Good question. Difficult to answer.

When was the last time any of us ran through the office waving our pay check about because we felt it proper and responsible to inform our co-workers of our salary? (Granted, many of us do this in a more subtle form after we've cashed the check and bought, for example, a designer suit or sports car with the money.) Apart from the fact that we'd look goofy, why would it be considered bad form to attend an office meeting with our paycheck safety pinned to our chest for everybody to see? Why in some societies is salary such a "hands off" topic? People don't seem to be crazy about discussing their salaries. Why is this?

Koseki have their strongest meaning and essentially exist, or for the time being at least slumber, in Japanese society. Some Japanese feel the information contained within these records has, to some degree, the potential of affecting their lives in the present day. With a highly evolved social hierarchy which even the language itself adheres to, age, gender, seniority, education, profession, and position within the profession are just a few of the variables used by some in Japanese society to anchor others within their personally defined framework. Admittedly, the idea of using clues or facts about one person to place them within another's framework or file of knowledge is not uniquely Japanese. (That designer suit - uh-huh, a great clue lobbying on the wearer's behalf that we place them in a respectable positon in our personally defined framework of things.) However should the information contained in the family registry be of less than sterling quality, some think these facts could possibly cause one to be viewed quite differently. Some but not all Japanese believe the record's contents are a possible spawning ground for distant and not so distant repercussions.

Sometimes it is the information not noted in these records which speaks more loudly than that which has been indicated. As would be expected, parents' names are noted on the records. By the same token, an empty space - a simple blank - serves to note the lack of knowledge about one's parentage.
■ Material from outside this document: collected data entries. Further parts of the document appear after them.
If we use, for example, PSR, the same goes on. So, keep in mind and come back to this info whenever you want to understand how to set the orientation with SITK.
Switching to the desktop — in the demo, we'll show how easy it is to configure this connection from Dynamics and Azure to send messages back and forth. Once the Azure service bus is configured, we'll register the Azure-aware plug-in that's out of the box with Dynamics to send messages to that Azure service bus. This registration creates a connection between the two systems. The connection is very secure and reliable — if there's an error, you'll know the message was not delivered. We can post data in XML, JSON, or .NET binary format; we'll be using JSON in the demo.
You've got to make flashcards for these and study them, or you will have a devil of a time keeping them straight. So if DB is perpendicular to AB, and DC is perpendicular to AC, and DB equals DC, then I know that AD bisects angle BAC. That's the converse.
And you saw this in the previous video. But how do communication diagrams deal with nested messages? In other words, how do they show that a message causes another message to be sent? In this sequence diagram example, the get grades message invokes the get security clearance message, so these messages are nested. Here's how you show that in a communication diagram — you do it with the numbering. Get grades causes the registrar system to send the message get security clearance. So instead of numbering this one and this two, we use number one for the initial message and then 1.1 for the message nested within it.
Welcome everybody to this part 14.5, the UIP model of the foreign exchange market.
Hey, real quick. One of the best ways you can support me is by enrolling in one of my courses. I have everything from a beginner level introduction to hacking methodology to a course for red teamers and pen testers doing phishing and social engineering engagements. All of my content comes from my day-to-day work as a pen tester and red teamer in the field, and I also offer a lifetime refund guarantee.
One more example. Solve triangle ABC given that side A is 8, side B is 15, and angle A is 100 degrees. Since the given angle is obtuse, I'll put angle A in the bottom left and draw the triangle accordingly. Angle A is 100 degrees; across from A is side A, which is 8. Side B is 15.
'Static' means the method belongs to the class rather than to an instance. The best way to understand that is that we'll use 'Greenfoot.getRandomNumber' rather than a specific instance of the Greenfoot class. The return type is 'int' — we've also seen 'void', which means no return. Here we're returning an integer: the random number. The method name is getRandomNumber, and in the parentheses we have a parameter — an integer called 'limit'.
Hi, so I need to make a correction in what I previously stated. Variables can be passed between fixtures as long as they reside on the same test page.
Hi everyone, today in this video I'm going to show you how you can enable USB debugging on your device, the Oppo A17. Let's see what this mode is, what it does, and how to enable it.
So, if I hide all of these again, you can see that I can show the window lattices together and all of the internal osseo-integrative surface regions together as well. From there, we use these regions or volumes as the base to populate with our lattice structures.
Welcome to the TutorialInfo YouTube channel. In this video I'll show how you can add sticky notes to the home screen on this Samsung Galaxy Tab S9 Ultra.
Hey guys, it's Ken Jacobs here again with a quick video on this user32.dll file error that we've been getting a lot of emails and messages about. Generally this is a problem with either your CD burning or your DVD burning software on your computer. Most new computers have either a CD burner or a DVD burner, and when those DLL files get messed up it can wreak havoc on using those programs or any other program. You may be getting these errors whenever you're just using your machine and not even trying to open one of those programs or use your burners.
For some in some societies, this lack of knowledge about one's parentage is little more than history - the past. Others in other societies may, for whatever reason, prefer to protect the secret.

The records offer indirect clues to a family's status. A fellow Japan GenWeb researcher wrote "It is our understanding that Japanese of the farmer and tradesman class did not use last names until the Meiji restoration (1867-1912) and that records were not kept."

The neighborhoods and towns listed on the family registries may be new information to us that has little emotional attachment apart from the fact that it is the town where our relatives came from. To others with a native's knowledge about Japanese society, the neighborhood listed on the registry may reveal a considerable amount of information. (Think of cavier. Now think about Spam. Are they consumed by the same people? Both foods come complete with culturally learned images, don't they?) Though racially and ethnically Japanese, Burakumin were a group of people who were once considered something akin to an untouchable class of people in Japan. As untouchables they were relagated to areas where they made enclaves and neighborhoods with others of the same social status. For good or for bad, where we live tells others something about us.

Adoptions, divorces, and illegitimate births, though not uncommon occurances, are still considered by some to be strictly private information.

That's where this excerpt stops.